DIRECTIONS FOR THIS TASK: Leaving the pictures aside, transcribe the data below exactly.

____

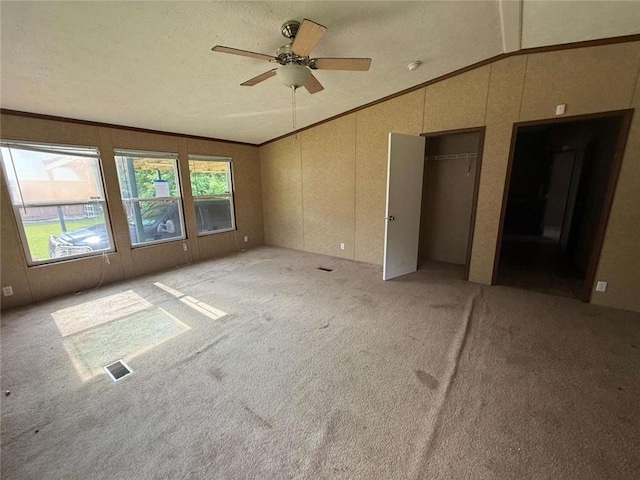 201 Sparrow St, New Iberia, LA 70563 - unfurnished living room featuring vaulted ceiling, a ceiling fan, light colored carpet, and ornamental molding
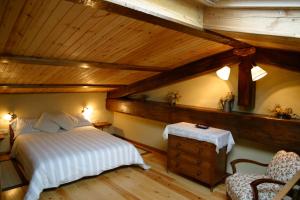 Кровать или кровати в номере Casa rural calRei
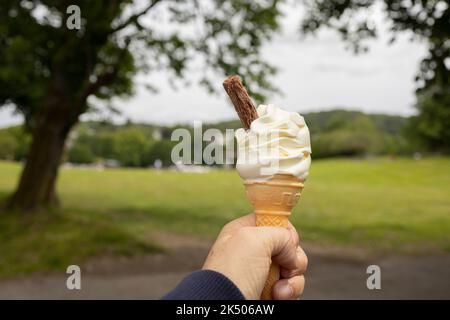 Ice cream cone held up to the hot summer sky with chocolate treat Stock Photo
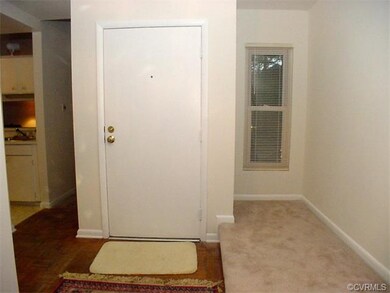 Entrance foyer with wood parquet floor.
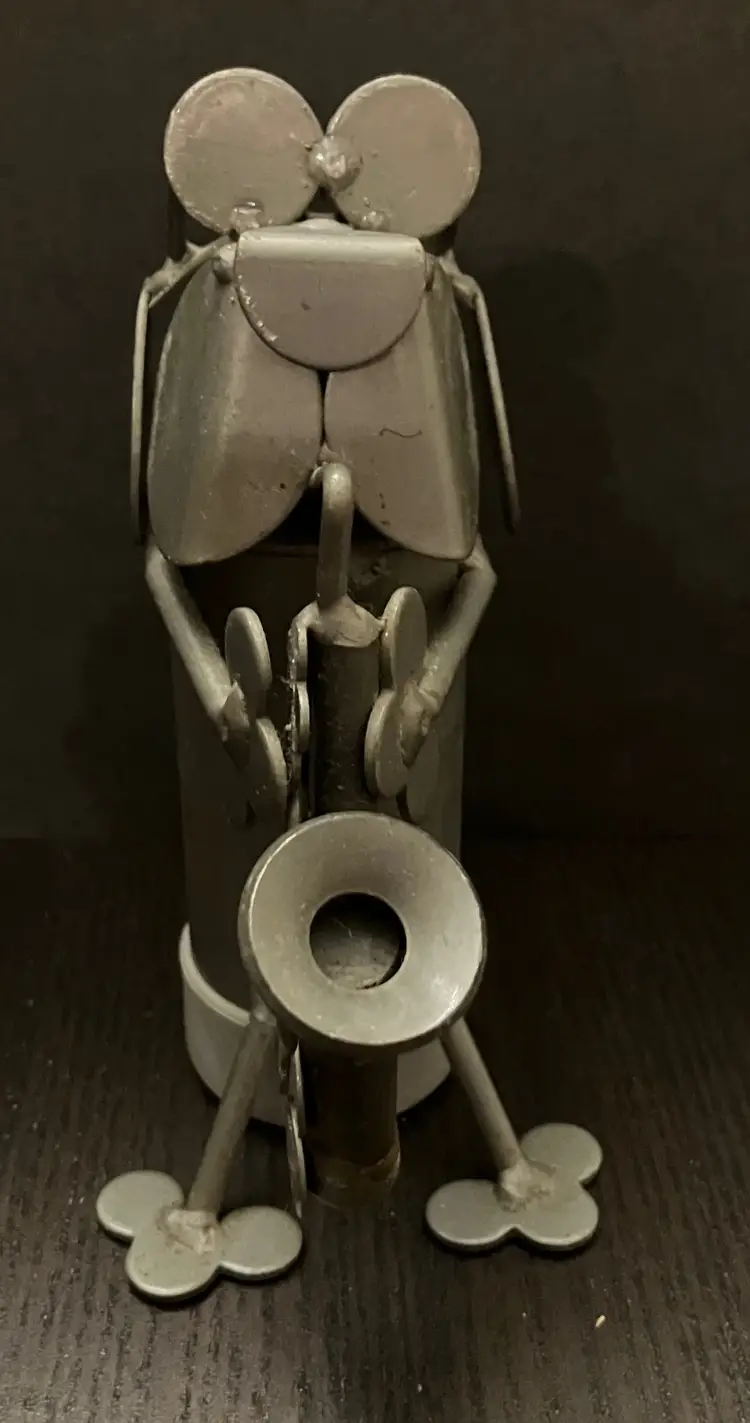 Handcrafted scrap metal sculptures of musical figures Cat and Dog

____

RESPONSE AREA:
 201 Sparrow St, New Iberia, LA 70563 - unfurnished living room featuring vaulted ceiling, a ceiling fan, light colored carpet, and ornamental molding
 Кровать или кровати в номере Casa rural calRei
 Ice cream cone held up to the hot summer sky with chocolate treat Stock Photo
 Entrance foyer with wood parquet floor.
 Handcrafted scrap metal sculptures of musical figures Cat and Dog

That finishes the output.